For his principled stubborn stands against those conformist Islamic Olema and their corrupt Sultans, Ibn Khaldun was ruthlessly punished, downgrading as the chairman of the Council of Justice (Qaadi Al-Qudaad) of the Islamic Empire to the head of justice in Egypt Province, where he become blind and wrote his last Epic book Muqadamat Ibn Khalddun, assisted by son of his brother, (Ibn Khaldun: Father of Economics, Ibrahim M. Oweiss).
However, the contrasts and similarities between the situations in the Arab and Islamic worlds both on antiquity and contemporary levels, and the one of Somaliland today reflect realities that ought be seen as considerable fact but on relative details. The common aspect of this is the need to an unending movement towards renovations, reforms and changes.

Financial reform is an urgent task and challenging need to achieve the requirements of the free market economy that connects Somaliland to the global financial system.
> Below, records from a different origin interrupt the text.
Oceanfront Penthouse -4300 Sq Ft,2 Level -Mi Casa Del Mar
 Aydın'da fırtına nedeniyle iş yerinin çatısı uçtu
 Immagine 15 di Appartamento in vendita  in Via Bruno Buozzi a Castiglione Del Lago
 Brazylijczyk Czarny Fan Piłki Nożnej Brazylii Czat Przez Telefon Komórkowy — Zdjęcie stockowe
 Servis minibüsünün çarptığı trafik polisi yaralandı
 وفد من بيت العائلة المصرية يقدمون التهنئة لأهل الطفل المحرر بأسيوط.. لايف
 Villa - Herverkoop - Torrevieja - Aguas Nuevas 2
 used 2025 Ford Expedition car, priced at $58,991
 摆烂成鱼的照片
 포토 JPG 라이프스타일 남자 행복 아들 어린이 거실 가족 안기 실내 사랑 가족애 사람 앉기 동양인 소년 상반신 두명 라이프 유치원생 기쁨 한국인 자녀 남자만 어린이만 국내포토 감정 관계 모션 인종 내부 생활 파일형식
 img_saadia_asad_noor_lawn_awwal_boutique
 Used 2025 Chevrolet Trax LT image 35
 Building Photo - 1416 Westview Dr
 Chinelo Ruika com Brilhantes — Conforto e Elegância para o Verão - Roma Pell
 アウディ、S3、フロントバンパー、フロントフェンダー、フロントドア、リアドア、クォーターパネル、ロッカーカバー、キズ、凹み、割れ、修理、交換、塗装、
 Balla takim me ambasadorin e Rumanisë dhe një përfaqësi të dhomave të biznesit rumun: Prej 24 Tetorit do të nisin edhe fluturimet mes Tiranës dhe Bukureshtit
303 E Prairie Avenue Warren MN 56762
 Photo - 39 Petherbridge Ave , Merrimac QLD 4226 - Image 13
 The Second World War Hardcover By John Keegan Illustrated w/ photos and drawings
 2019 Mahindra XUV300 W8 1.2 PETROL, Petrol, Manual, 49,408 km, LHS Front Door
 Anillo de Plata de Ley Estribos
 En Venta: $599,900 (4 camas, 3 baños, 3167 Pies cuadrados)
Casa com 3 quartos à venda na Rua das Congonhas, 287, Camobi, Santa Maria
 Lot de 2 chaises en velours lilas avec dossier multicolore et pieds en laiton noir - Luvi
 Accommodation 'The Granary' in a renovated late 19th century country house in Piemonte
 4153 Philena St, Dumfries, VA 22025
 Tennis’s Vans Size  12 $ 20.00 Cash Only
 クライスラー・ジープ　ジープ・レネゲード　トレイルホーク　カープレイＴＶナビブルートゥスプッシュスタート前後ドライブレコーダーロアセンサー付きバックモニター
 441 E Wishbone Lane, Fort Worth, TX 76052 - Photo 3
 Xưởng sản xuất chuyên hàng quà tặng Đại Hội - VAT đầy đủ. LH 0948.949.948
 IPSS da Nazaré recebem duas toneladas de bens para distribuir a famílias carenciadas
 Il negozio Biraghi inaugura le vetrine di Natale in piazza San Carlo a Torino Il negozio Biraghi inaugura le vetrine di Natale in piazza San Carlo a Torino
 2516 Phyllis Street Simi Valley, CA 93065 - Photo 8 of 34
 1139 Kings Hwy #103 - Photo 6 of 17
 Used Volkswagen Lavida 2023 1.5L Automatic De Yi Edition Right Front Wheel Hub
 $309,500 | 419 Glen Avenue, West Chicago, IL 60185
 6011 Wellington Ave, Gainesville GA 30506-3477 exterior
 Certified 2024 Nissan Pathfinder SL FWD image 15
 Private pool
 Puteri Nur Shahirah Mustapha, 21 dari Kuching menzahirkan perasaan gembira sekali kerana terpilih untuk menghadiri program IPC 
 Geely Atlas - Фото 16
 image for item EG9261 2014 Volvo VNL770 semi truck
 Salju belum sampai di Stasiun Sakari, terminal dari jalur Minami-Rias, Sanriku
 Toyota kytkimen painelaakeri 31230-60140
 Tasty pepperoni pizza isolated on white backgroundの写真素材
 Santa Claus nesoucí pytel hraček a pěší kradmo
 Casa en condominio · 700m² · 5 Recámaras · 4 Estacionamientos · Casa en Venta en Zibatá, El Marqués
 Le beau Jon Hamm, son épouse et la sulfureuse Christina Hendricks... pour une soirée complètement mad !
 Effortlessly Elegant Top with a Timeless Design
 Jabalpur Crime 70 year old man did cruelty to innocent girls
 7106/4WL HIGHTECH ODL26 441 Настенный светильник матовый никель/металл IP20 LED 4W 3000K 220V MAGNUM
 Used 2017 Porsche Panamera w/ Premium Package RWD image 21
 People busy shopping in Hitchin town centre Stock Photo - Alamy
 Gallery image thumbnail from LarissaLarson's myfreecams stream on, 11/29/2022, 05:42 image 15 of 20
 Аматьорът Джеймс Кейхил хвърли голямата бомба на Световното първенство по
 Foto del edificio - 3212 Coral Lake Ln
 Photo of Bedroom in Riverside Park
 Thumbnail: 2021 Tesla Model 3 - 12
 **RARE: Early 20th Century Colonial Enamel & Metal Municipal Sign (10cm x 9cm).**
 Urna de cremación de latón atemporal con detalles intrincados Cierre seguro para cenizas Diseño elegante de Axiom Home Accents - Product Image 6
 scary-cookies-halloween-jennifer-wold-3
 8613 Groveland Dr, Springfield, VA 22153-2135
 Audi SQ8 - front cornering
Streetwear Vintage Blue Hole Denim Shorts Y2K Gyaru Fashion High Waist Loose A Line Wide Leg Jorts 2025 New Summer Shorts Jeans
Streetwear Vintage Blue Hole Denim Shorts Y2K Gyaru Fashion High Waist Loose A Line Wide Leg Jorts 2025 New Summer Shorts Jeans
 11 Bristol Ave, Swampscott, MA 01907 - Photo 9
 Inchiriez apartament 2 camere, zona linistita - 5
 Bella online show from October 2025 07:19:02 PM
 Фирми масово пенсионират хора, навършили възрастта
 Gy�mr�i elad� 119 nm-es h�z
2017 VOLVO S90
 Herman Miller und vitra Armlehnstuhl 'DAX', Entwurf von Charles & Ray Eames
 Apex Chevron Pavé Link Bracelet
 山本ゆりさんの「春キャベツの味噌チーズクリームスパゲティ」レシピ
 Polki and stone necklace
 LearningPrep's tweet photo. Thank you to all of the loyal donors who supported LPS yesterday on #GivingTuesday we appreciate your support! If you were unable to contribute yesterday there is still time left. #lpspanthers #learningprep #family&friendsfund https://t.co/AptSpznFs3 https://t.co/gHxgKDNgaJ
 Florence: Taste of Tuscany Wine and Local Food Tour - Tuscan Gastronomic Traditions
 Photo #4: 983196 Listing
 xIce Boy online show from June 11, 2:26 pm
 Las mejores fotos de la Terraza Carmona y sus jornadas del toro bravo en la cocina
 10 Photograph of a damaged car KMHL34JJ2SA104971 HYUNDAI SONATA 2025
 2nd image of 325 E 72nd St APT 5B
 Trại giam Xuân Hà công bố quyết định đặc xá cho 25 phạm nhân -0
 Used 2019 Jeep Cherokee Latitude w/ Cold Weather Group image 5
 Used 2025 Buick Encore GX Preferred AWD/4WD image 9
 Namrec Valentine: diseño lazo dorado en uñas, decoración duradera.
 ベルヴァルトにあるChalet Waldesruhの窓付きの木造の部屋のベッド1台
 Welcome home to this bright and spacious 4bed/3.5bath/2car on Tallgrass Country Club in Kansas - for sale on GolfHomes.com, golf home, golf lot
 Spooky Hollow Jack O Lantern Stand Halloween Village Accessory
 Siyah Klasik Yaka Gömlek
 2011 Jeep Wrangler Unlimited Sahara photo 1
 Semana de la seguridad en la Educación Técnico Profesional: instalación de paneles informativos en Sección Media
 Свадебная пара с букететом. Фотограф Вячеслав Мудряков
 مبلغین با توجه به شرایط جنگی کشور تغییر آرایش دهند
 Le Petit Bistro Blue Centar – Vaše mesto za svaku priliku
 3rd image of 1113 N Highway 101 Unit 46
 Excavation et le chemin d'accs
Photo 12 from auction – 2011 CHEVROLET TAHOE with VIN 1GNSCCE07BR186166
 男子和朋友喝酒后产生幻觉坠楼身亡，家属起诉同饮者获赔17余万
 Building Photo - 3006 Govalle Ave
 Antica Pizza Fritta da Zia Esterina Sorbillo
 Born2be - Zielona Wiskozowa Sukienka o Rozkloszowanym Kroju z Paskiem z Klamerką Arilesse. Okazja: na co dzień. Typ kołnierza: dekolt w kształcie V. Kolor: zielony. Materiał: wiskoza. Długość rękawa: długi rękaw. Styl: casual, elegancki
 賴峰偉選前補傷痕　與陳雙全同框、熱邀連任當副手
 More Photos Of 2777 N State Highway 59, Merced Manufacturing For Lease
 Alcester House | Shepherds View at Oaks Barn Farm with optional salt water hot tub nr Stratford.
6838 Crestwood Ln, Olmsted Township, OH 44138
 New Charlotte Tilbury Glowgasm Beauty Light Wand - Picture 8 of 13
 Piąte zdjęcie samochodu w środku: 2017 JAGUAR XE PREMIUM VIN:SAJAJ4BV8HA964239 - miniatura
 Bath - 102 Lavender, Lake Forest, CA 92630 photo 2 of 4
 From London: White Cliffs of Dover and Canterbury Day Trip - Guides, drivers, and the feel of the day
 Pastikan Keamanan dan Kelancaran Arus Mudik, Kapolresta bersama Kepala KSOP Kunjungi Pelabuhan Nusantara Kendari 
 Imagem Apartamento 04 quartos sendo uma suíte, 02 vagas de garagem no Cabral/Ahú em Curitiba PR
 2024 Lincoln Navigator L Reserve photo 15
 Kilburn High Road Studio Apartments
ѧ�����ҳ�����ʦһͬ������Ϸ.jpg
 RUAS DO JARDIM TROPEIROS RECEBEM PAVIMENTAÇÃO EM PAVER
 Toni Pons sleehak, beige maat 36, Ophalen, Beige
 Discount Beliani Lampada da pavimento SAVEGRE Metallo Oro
This is the real challenge that divides between Somaliland’s aspirations to be part of the modern world and the attempts to turning it back to fourteenth century’s realm. Unfortunately, Somaliland has got itself plunging into this battle without Ibn khaldun type amongst the Islamic Olema on its side against the attempts to blocking the law which favors Commercial banks to operate in Somaliland.